Watch how easily thieves steal a car:
How does it work?
Thieves use 'Relay Boxes' to steal your pride and joy. They usually work in pairs where one is stood close to the victim's house transmitting near to their windows or front door, where the relay box will pick up the car key fob's frequency and catapult it to the other person who's stood by the car. This then unlocks the car and the same process is done to start the engine.
Most affected cars
Of the five best-selling cars in the UK, only one isn't susceptible to keyless theft. The Vauxhall Corsa isn't affected by this crime simply because it doesn't have the option to go fully keyless, whereas Ford takes a double-whammy with both the Fiesta and the Focus falling victim. Also affected is the Volkswagen Golf, which is the second most popular car in the UK and the Nissan Qashqai, which is in forth place.

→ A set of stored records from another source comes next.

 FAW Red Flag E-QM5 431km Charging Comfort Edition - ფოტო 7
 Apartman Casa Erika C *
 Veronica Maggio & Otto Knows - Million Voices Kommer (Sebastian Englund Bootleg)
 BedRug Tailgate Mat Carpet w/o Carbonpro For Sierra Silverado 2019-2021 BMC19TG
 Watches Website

More than 30 manufacturers have made cars that can be remotely unlocked by criminals, these include Audi, BMW, Honda, Hyundai, Kia, Peugeot, Renault, Skoda and Volvo, with many other brands being included. Crime statistics suggest that one car is being stolen in the UK every seven minutes.
The German General Automobile Club (ADAC) has tested 237 keyless cars (models that unlock when the key is close by) and found that a whopping 230 of them can be hacked by a relay box.

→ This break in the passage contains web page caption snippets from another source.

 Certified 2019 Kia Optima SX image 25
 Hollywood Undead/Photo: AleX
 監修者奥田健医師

Only three vehicles (all from Jaguar Land Rover) weren't susceptible at all. The latest models of the Jaguar i-Pace, Land Rover Discovery and Range Rover all passed the test with flying colours and could not be remotely unlocked.
As of January 2019, all new cars should be better protected thanks to new rules with the New Vehicle Security Assessment (NVSA).

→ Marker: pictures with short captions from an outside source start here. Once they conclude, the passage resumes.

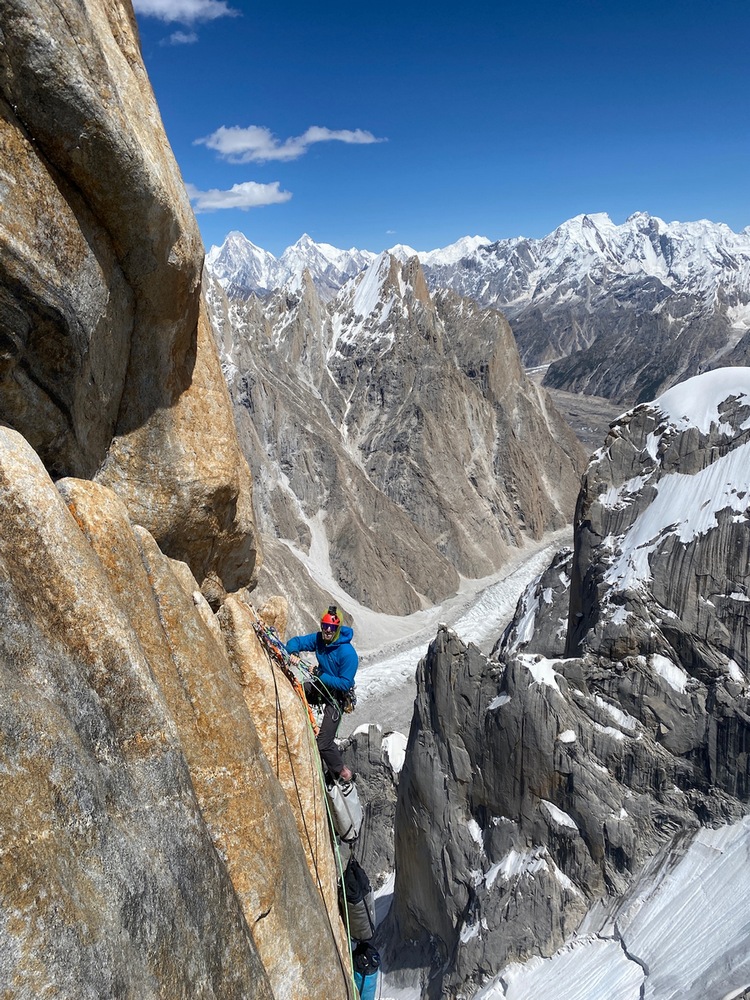 Trango-tornyok: Egy ugrás az örökkévalóságnak-6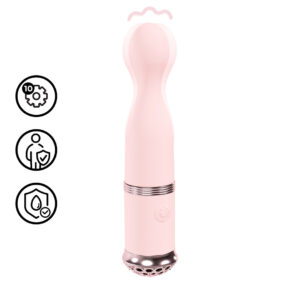 Finesse - Ball Tip Vibe - Pink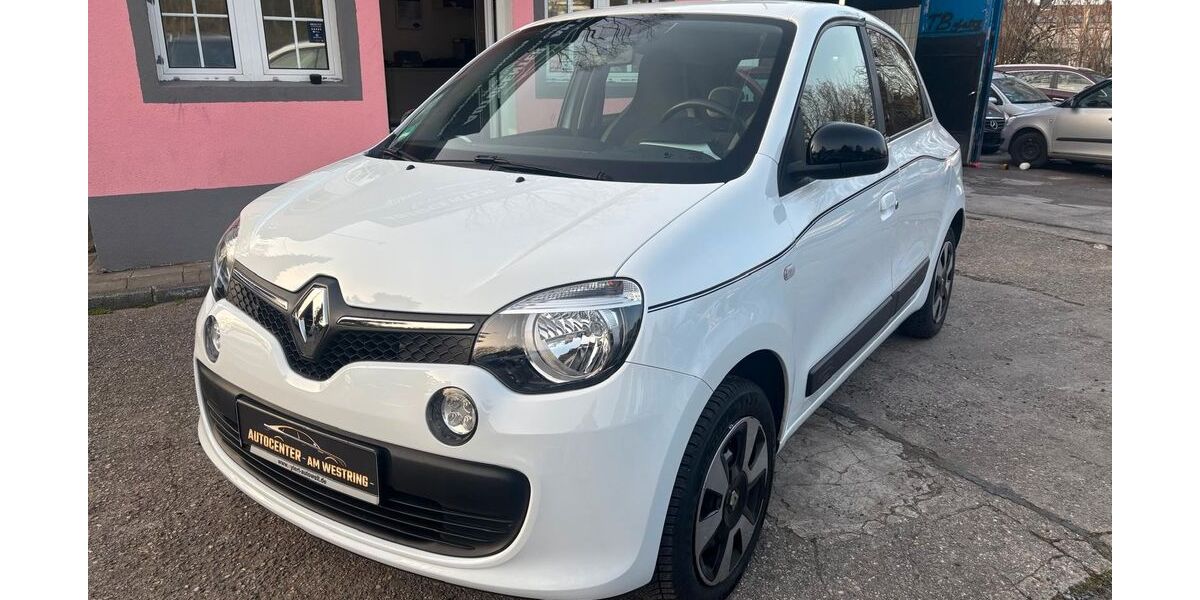 Renault Twingo 77.000 km 5.990 &euro; Wuppertal 42329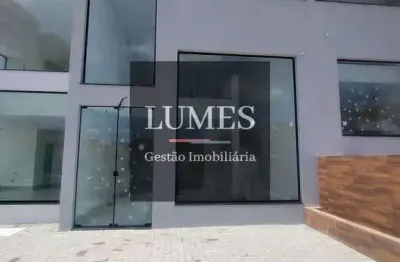 Sala para alugar, 75 m² por r$ 3.800,00/mês - jardim são domingos - americana/sp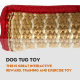 Bâton De Mordant Pour Chien De Dressage En Lin Résistant Aux Morsures Et À L’Usure Pour Mâcher Et Nettoyer Les Dents - www.yo...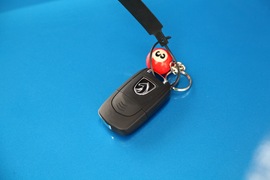2014款宝骏610
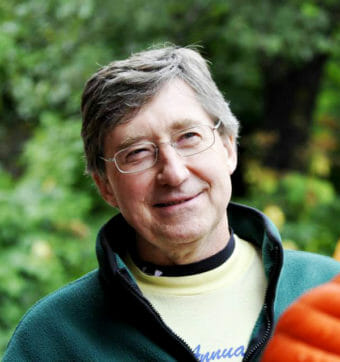 Wayne Jensen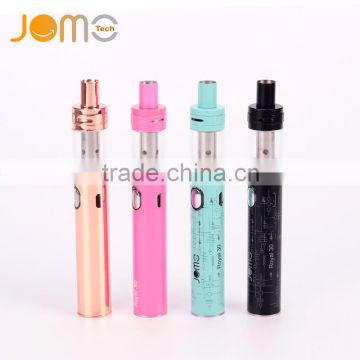 cheap e cigarette pen slim e cigarette 30w vape mod with 2ml tank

What can you do to protect your car?
1. Steering wheel lock
Steering wheel locks are a cost-effective deterrent to thieves. This simple method means that criminals won't be able to steal a car quickly. These age-old contraptions are usually more than enough needed to prevent theft.
2. Leave your keys inside a metal box and away from your front door
Many online shops sell special 'metal lined' wallets that are designed to block hacking signals. These work for a period of time but not for long as the metal lining perishes with daily wear and tear and even the slightest gap in the metal is enough to let signal in/out. A much better cost-effective alternative is to keep your keys in a fully metal box overnight. As long as the box has a close-able lid and is kept well-away from windows and the front door, you should be fine.
3. CCTV and a locked gate on your drive
Not only does CCTV act as a deterrent, it can also help the police in identifying and tracking any potential suspects. If your property has a driveway, consider lockable bollards or gates to create another hurdle for criminals to contend with.
Parking away from your house. This means that the criminal would have to scan every home on the street in the hope of finding where the key lives.
Put a cover on your car. If they don't know what they're stealing, they usually won't bother.
Double check your doors when you lock the car. Even if you hear the locks engage, give them a pull just to be safe, as a baddie might be trying to jam your signal as you walk away from your car.
Contact your manufacturer to see if there are any tips or software updates for your car.
What do thieves do with stolen cars?
Stolen cars normally end up in one of three places; in a 'chop shop' where the vehicle gets stripped down and sold for parts, or shipped abroad and sold for cash in another country. Sometimes the thieves are just stealing the car to joy ride it and end up wrapping the car around a tree after a few miles.